You don't have to argue whether they cause a decline in national savings and no change in household net worth or whether they have no effect on national savings (since everyone but Kudlow understands that they are not net wealth) but cause household net worth to increase.

That is, you can point out that Solow is talking aobut national savings, Kudlow is talking about household wealth and to compare with Solow he has to include public wealth, that is minus the national debt. Then note that more bonds don't make us richer so the increase is US household's holdings of Treasury securities is not reassuring.

Now this is not the biggest issue (the increase in the value of stock and what are we to make of it is bigger). It does however show that Kudlow is totally ignorant of the first weeks lectures of any macroeconomics course.

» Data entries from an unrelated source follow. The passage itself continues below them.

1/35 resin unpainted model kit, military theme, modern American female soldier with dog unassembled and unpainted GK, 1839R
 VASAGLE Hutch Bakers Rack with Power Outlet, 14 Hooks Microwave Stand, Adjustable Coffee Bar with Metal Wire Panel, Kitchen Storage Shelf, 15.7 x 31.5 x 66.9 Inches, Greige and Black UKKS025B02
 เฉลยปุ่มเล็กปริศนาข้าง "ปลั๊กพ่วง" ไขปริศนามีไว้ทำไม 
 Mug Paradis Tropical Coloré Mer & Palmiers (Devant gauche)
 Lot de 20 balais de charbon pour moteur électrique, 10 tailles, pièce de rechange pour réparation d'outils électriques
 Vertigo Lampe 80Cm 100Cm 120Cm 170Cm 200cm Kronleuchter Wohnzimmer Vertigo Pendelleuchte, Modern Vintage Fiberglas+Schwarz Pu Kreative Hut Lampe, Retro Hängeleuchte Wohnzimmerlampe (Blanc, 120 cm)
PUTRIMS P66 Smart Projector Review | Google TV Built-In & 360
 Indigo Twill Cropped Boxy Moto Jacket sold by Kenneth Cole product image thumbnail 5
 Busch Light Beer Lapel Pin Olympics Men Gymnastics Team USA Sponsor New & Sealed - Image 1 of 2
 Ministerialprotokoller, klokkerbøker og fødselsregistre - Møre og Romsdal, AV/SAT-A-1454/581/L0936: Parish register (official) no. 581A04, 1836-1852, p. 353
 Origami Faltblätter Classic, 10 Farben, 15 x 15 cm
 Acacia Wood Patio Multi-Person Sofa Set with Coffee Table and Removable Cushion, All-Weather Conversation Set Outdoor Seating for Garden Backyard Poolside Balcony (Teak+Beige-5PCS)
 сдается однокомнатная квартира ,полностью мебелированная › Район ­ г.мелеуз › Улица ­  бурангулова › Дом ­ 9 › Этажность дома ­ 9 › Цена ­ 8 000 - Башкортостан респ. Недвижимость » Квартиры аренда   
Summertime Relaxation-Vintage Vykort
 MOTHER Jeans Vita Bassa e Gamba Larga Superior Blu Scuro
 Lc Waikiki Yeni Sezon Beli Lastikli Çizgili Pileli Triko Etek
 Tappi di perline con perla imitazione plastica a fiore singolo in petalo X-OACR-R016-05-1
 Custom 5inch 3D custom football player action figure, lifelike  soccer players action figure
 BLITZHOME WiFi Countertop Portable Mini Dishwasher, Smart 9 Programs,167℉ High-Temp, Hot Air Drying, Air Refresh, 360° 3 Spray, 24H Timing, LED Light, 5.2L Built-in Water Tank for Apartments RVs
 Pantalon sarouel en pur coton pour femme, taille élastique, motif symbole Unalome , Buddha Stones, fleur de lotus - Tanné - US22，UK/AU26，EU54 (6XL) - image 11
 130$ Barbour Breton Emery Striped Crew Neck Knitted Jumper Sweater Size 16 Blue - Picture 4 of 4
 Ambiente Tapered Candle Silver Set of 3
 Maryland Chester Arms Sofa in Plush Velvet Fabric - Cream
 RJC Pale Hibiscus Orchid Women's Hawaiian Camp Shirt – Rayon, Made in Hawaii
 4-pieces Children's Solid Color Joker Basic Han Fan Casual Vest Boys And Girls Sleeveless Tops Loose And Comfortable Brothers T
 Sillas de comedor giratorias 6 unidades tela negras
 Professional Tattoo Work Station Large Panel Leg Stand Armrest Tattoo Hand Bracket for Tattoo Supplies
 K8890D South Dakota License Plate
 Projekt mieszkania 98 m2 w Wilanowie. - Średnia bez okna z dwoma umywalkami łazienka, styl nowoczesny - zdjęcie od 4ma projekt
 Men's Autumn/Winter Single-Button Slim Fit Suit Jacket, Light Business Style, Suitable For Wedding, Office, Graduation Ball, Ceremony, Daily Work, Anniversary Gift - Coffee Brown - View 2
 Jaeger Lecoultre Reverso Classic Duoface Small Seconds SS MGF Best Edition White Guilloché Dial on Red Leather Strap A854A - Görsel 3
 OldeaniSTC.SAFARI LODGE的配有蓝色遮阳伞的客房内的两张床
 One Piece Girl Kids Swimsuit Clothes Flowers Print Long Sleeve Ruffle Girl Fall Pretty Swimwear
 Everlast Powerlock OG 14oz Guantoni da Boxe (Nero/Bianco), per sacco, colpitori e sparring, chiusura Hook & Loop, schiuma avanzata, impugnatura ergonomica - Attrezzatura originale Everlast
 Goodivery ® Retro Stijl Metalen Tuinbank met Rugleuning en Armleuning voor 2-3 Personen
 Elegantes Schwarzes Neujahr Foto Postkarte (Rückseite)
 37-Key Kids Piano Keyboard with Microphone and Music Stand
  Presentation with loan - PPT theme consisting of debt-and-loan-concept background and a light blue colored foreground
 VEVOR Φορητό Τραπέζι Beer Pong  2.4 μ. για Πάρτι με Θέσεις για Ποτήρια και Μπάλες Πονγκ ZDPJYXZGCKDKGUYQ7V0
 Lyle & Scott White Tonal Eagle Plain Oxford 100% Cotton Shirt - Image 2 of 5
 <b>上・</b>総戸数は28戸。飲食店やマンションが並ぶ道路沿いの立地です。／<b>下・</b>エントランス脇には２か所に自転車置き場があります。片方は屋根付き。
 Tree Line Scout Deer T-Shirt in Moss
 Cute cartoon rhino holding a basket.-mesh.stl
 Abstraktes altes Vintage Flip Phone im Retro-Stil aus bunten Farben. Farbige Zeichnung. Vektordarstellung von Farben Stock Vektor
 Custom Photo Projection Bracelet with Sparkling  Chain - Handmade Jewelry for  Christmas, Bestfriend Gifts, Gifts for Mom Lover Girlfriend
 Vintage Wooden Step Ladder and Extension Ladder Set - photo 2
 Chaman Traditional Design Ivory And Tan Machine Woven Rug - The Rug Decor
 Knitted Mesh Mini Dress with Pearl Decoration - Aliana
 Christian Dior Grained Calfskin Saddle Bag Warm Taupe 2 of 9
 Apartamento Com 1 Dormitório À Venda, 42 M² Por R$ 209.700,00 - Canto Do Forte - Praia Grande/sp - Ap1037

Odd that you seem to think that Solow might not have considered the possibility of improved technology which people can use without paying for it. I think that used to be called disembodied technological progress, but most people I know call it Solow's residual (I don't but don't let me waste any of your 10 minutes running down that Hall).

"What can I do? I can blog about it."

If you Solow, Shapiro, Schwartz, Rohatyn, Kerry, Kosterlitz, and Hormats did not show up for a panel with Larry Kudlow on it, this kind of crap would be a lot less likely to happen.

In the law business, I see it all the time. The Federalists put on a panel with one lefty, a few centrists, a few conservatives, and a raving nutbag. Who wins the debate? Who cares? The nutbag is always legitimated by being there. And that's the point of the debate.

I used to go to hour long panels, in which 20 minutes were devoted to the speakers, and 40 minutes were devoted to Q&A.

Now it seems most panels are 55 minutes devoted to the speaker, with time for one question.

This exacerbates the problem.

And, while I know ahead of time the various speakers points of view, the value of the panel is not having them pontificate with each other, the value is in having people more knowledgeable than I asking them good questions and seeing their on the spot answers.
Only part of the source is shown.